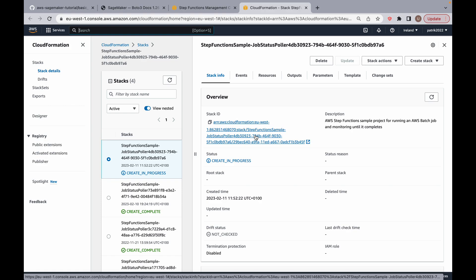CloudFormation creates these resources for you - it's going to create the Lambda functions. Obviously these aren't the final Lambda functions because we're going to edit them with our own custom code, but it creates them so we don't have to manually create them. It's going to create the other services we'll be using. We're going to talk this over in detail in the next video and see what CloudFormation has created for us. I'm going to wait until this process is finished and then get back to you.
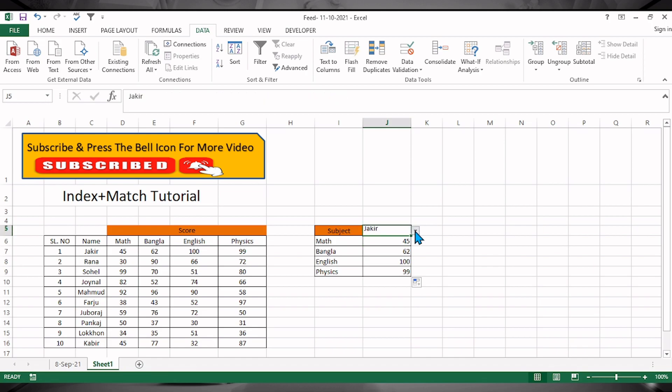Now select any student name from the drop-down and it will automatically show you their results.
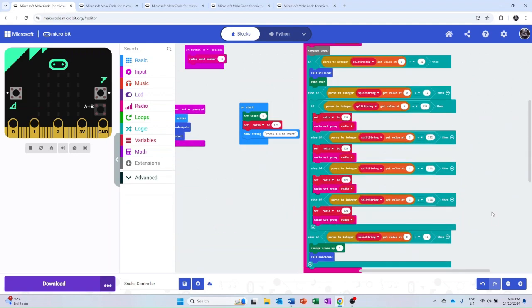Finally, it also has the capability to receive radio signals determining whether the snake is moving between microbits, if the game has been lost, or if the apple has been eaten and a new one needs to be generated.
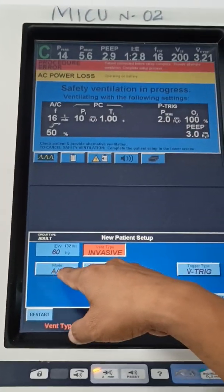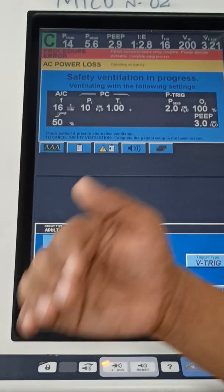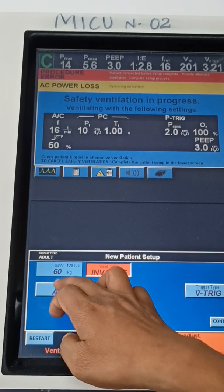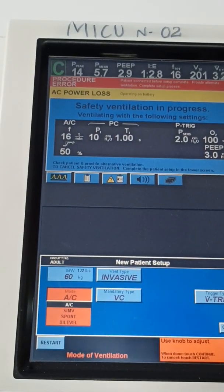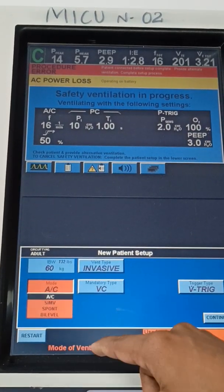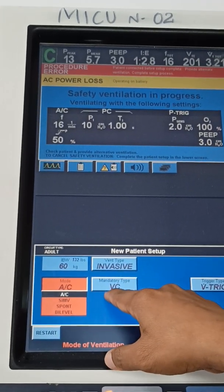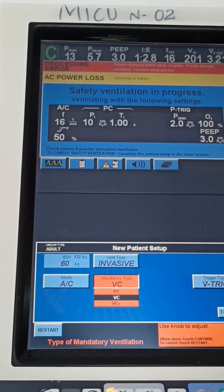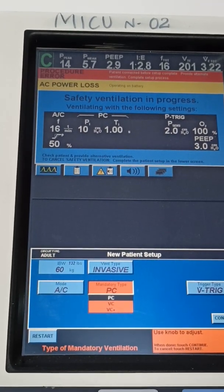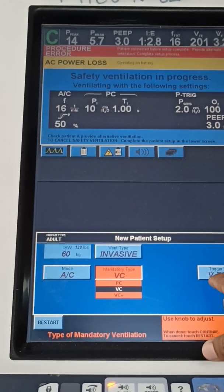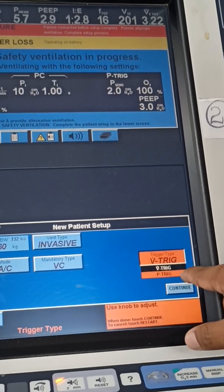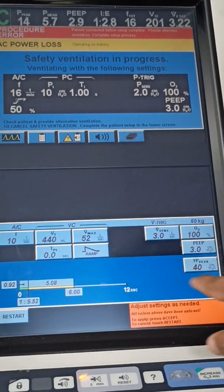I selected invasive. Then mode of ventilation — modes like assist control, spontaneous modes, synchronized modes, SIMV, spontaneous, BiLevel — all those types will be there. I selected assist control mode. Then type of ventilation: volume control or pressure control. Volume plus means volume and pressure — two types are the main important ones. I selected volume control. Then trigger — volume trigger and flow trigger will be there — I selected volume trigger.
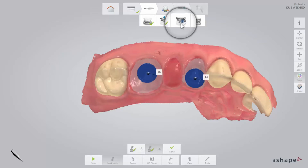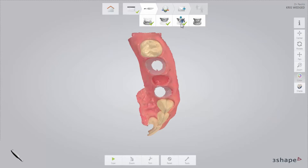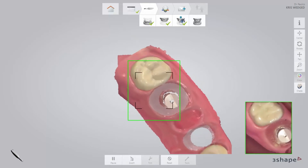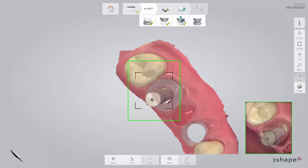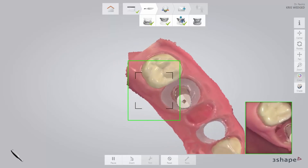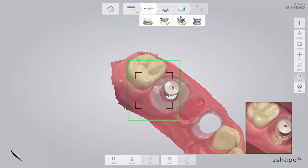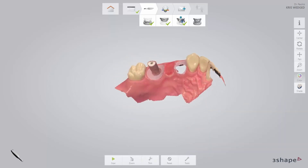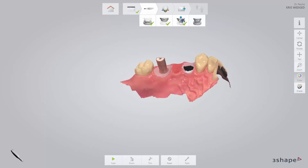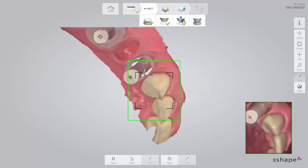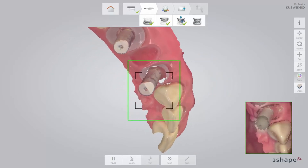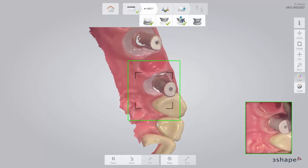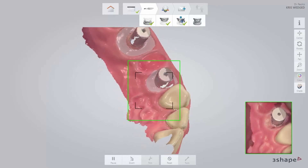Now proceed to the scan body page in the top workflow bar. First, make sure that all of the healing caps have been trimmed away, as well as the nearby surrounding area. Insert the scan bodies and start the scanner pointing at a neighbouring tooth. Once the scanner has picked up the position, slowly move to the scan body and circle around it to scan from all angles. It is especially important to cover the upper third of the scan body to make sure it is possible for the laboratory to recognise the correct position. If you have only one scan body, you may move it between the implants to scan them one by one.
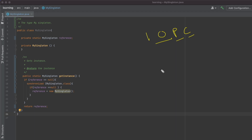Whenever you call Runtime.getRuntime(), it returns a singleton object of the Runtime class, and that singleton object has all the state maintained in the runtime object it has returned. So again, the singleton pattern is an implementation to achieve one object per class.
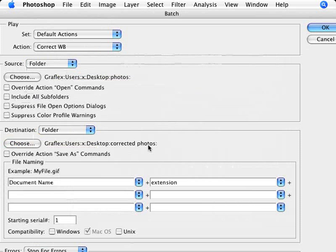So if you're happy with the file name, you can just leave it as it is. It's just going to create the same file names. If not, you can change the file name, the naming convention here and play around with it. And we're just going to go ahead and click OK.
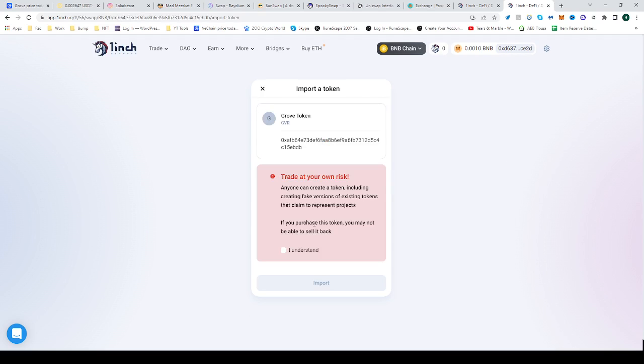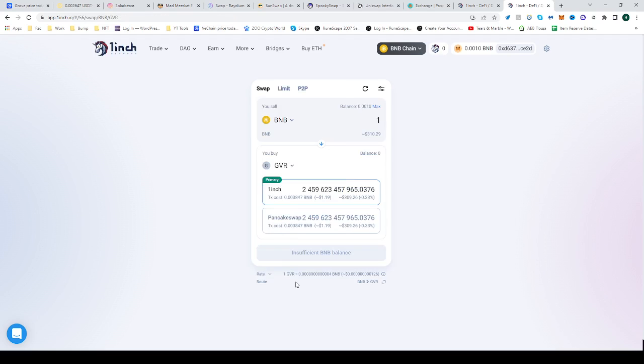Click it to import it, click I understand, click import again and there we go. Now you can trade from BNB to GVR.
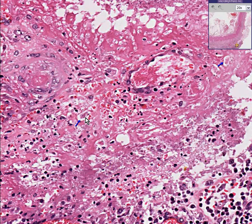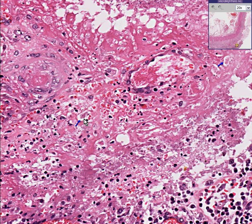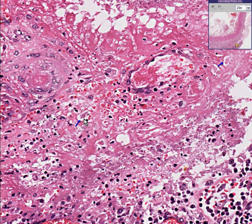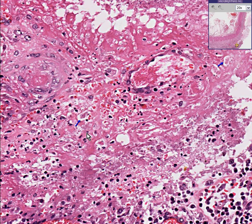These are amoebas. Quite frankly, you'd probably miss them unless you were really looking for them. You might think, oh, that's just a piece of smudge or maybe a macrophage. Amoebas do look like macrophages — they're about the right size and they have a granular cytoplasm — and if you didn't suspect it, you could totally miss these things. This is amoebic colitis.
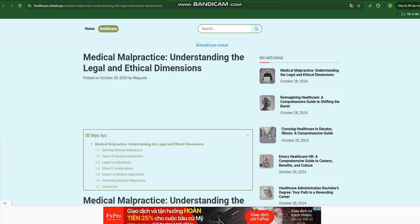Damages: The patient must have suffered actual harm, such as physical injury, emotional distress, or financial losses, as a result of the malpractice.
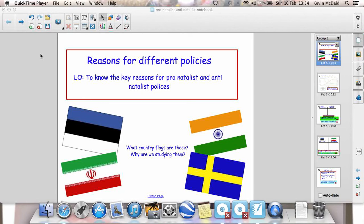Key terms: pronatalist and antinatalist policies. China is not the only country in the world that has an antinatalist policy, though it is the one most commonly studied. But some other examples of countries with antinatalist policies include the following.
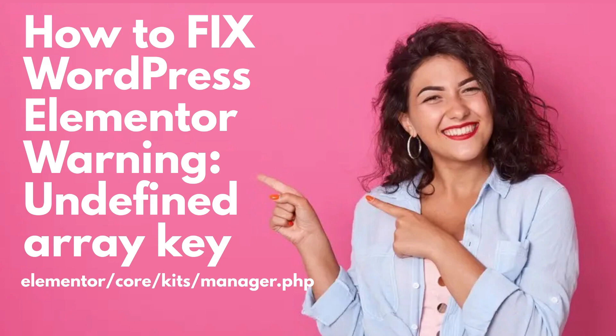Good day everybody, this is your host Ali Rathur from TechWrath TV, and we're here for a quick fix tutorial on how to fix your WordPress Elementor warning undefined array key. The message comes up in your admin panel on your website, especially with the Elementor core kits manager, and it's going to be just a one-minute tutorial.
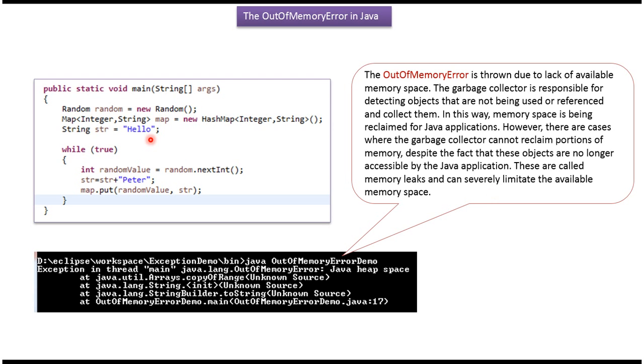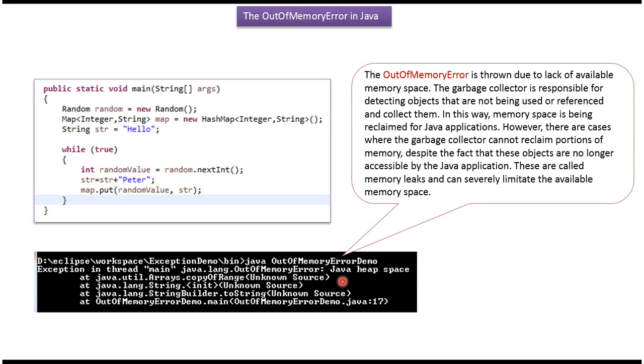Here you can see the sample program which will throw out of memory error. Here inside an infinite while loop, I am continuously concatenating the string and I am continuously adding key value pairs in the map. So if you run this program, we will get out of memory error and the reason is Java heap space.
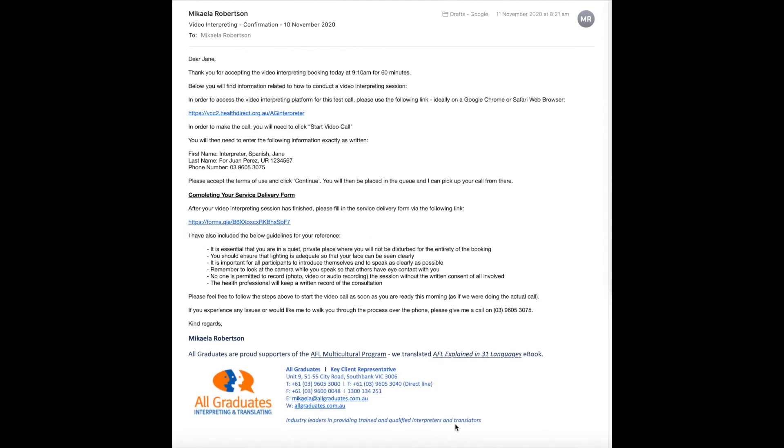Upon completing a video interpreting booking with All Graduates, you will need to fill in a service delivery form to confirm that you have completed the job and to provide us with any feedback.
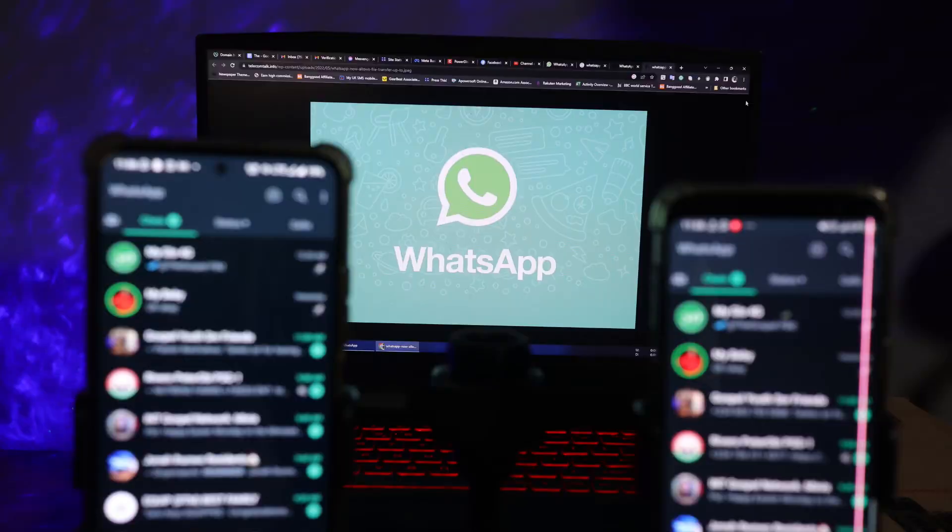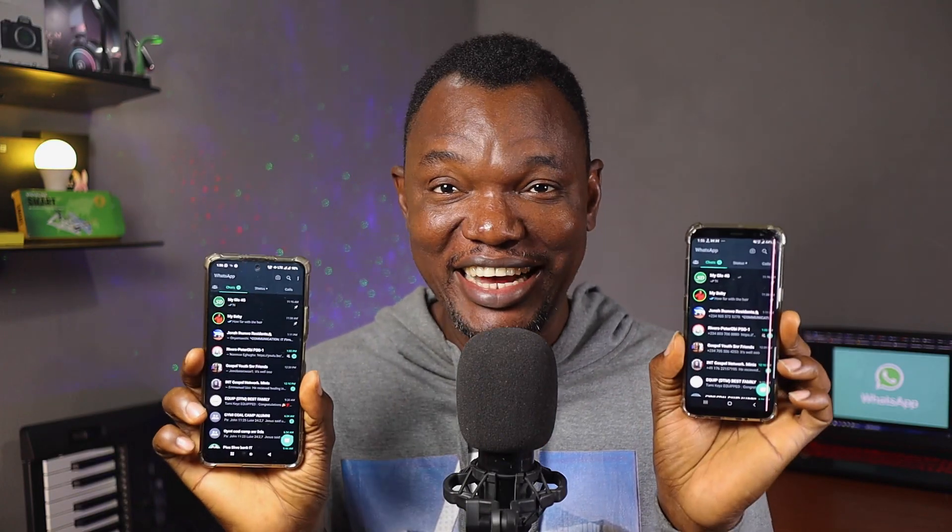You can now use your WhatsApp account on up to four different smartphones, and this is exciting. Although I still have some problems with WhatsApp when it comes to migrating your chat history and media from one device to another, or from Android to iOS, this is a great welcome development. I'm going to show you how to get it started, especially if you're on Android.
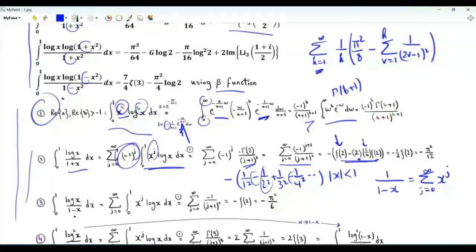For the integral of log(x)/(1−x), there is no (−1)^g factor, and integrating term by term gives −ζ(2).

__________

= Task directions =
Your answer must be an exact transcription of the records above, minus the pictures.

= Solution to this problem =
CloudFormation creates these resources for you - it's going to create the Lambda functions. Obviously these aren't the final Lambda functions because we're going to edit them with our own custom code, but it creates them so we don't have to manually create them. It's going to create the other services we'll be using. We're going to talk this over in detail in the next video and see what CloudFormation has created for us. I'm going to wait until this process is finished and then get back to you.
Now select any student name from the drop-down and it will automatically show you their results.
Finally, it also has the capability to receive radio signals determining whether the snake is moving between microbits, if the game has been lost, or if the apple has been eaten and a new one needs to be generated.
I selected invasive. Then mode of ventilation — modes like assist control, spontaneous modes, synchronized modes, SIMV, spontaneous, BiLevel — all those types will be there. I selected assist control mode. Then type of ventilation: volume control or pressure control. Volume plus means volume and pressure — two types are the main important ones. I selected volume control. Then trigger — volume trigger and flow trigger will be there — I selected volume trigger.
Now proceed to the scan body page in the top workflow bar. First, make sure that all of the healing caps have been trimmed away, as well as the nearby surrounding area. Insert the scan bodies and start the scanner pointing at a neighbouring tooth. Once the scanner has picked up the position, slowly move to the scan body and circle around it to scan from all angles. It is especially important to cover the upper third of the scan body to make sure it is possible for the laboratory to recognise the correct position. If you have only one scan body, you may move it between the implants to scan them one by one.
Whenever you call Runtime.getRuntime(), it returns a singleton object of the Runtime class, and that singleton object has all the state maintained in the runtime object it has returned. So again, the singleton pattern is an implementation to achieve one object per class.
So if you're happy with the file name, you can just leave it as it is. It's just going to create the same file names. If not, you can change the file name, the naming convention here and play around with it. And we're just going to go ahead and click OK.
Click it to import it, click I understand, click import again and there we go. Now you can trade from BNB to GVR.
These are amoebas. Quite frankly, you'd probably miss them unless you were really looking for them. You might think, oh, that's just a piece of smudge or maybe a macrophage. Amoebas do look like macrophages — they're about the right size and they have a granular cytoplasm — and if you didn't suspect it, you could totally miss these things. This is amoebic colitis.
Damages: The patient must have suffered actual harm, such as physical injury, emotional distress, or financial losses, as a result of the malpractice.
Key terms: pronatalist and antinatalist policies. China is not the only country in the world that has an antinatalist policy, though it is the one most commonly studied. But some other examples of countries with antinatalist policies include the following.
Good day everybody, this is your host Ali Rathur from TechWrath TV, and we're here for a quick fix tutorial on how to fix your WordPress Elementor warning undefined array key. The message comes up in your admin panel on your website, especially with the Elementor core kits manager, and it's going to be just a one-minute tutorial.
Here you can see the sample program which will throw out of memory error. Here inside an infinite while loop, I am continuously concatenating the string and I am continuously adding key value pairs in the map. So if you run this program, we will get out of memory error and the reason is Java heap space.
Upon completing a video interpreting booking with All Graduates, you will need to fill in a service delivery form to confirm that you have completed the job and to provide us with any feedback.
You can now use your WhatsApp account on up to four different smartphones, and this is exciting. Although I still have some problems with WhatsApp when it comes to migrating your chat history and media from one device to another, or from Android to iOS, this is a great welcome development. I'm going to show you how to get it started, especially if you're on Android.
For the integral of log(x)/(1−x), there is no (−1)^g factor, and integrating term by term gives −ζ(2).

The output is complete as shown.